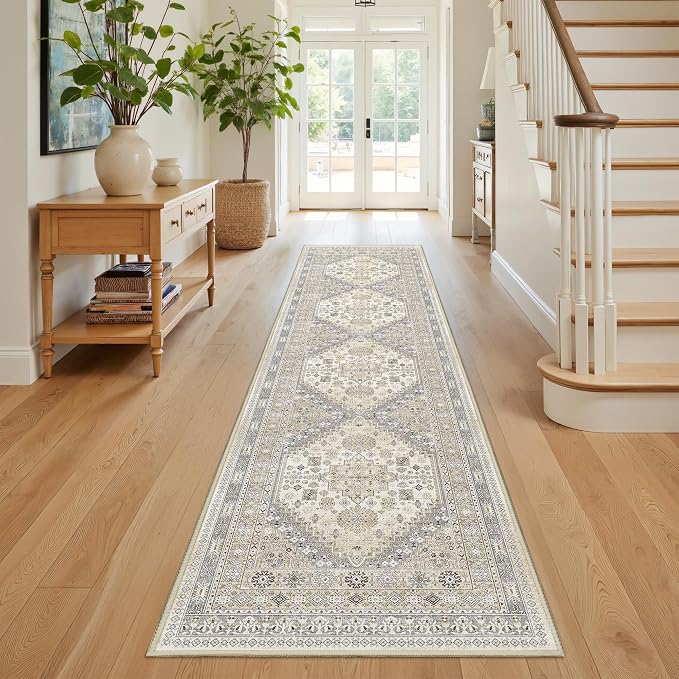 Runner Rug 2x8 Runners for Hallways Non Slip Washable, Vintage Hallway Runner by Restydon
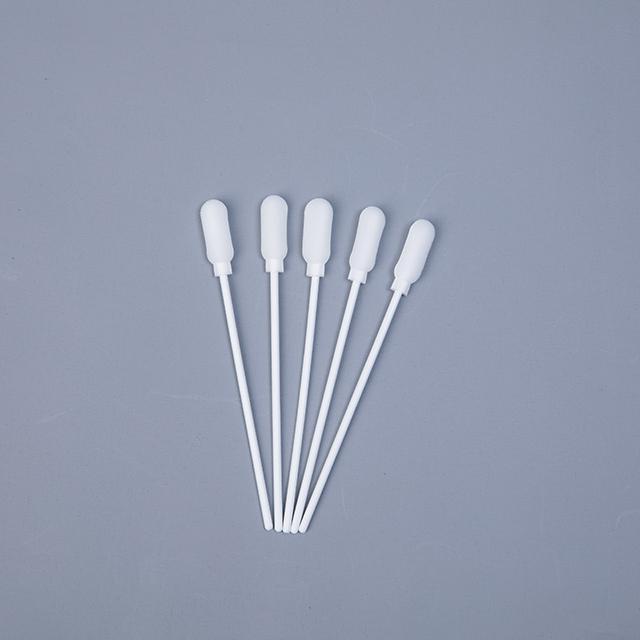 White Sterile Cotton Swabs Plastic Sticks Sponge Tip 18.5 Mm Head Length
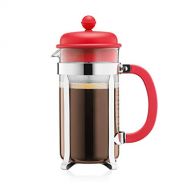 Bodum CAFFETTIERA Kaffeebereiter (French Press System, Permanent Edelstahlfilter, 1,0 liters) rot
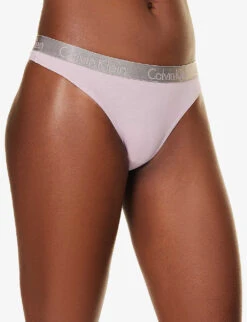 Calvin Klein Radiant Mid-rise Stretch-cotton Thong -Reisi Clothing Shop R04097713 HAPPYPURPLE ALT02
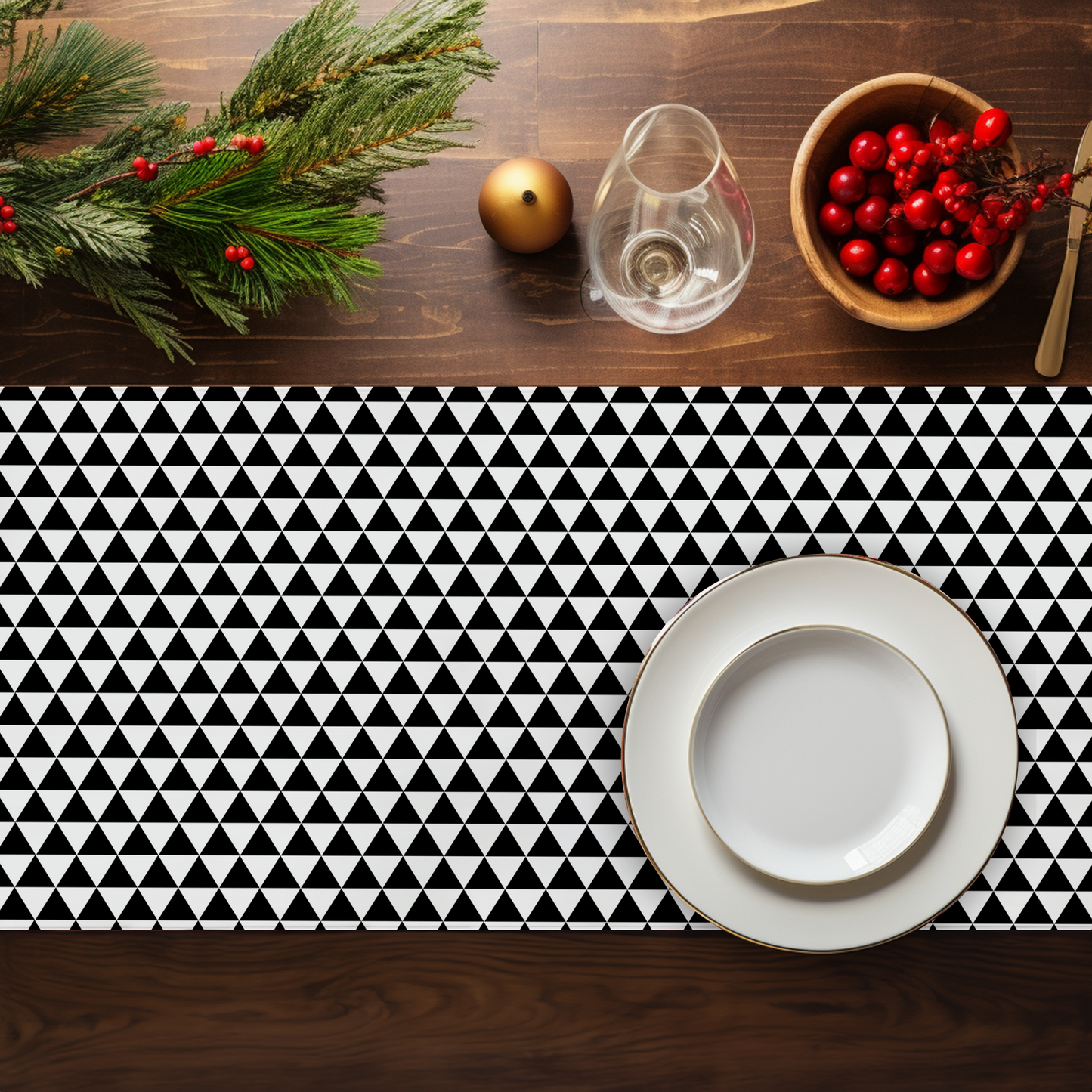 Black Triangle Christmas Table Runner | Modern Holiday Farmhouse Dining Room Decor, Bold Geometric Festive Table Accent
--------------------------------
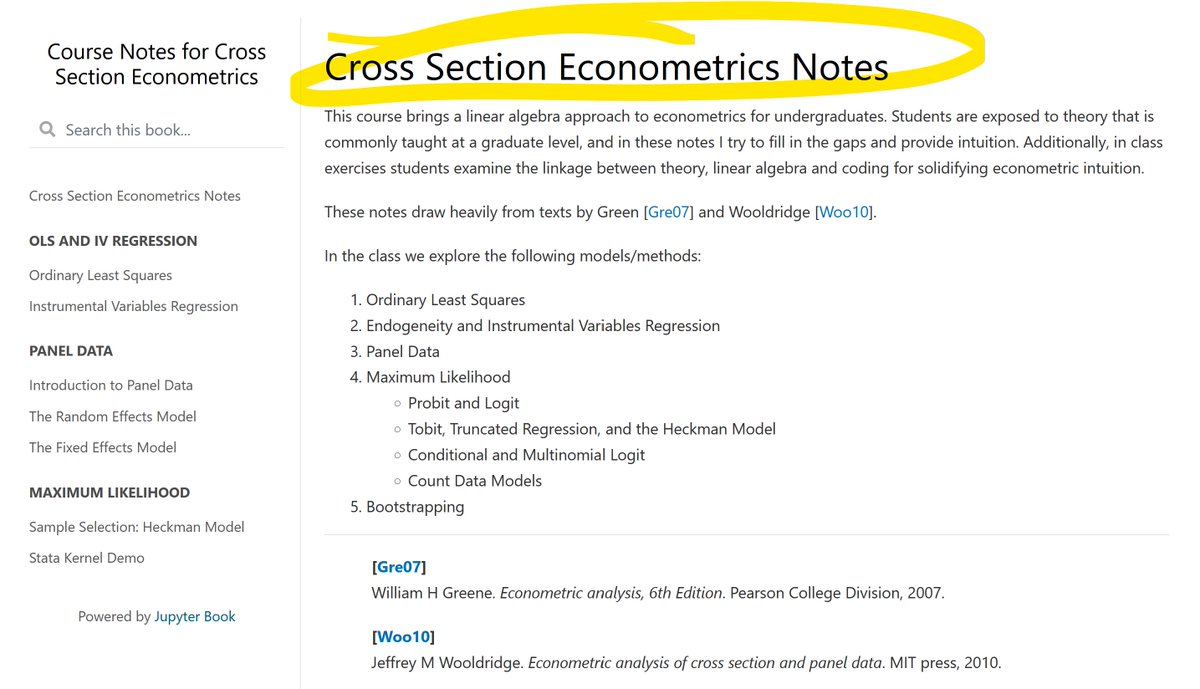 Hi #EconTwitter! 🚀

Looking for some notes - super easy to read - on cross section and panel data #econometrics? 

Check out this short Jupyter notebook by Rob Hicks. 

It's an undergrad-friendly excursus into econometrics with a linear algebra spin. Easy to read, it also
--------------------------------
◆ WHAT THE TASK ASKS ◆
Find the word "read" in the entries above, then copy each line that holds it.

◆ SOLVED EXERCISE ◆
Looking for some notes - super easy to read - on cross section and panel data #econometrics? 
It's an undergrad-friendly excursus into econometrics with a linear algebra spin. Easy to read, it also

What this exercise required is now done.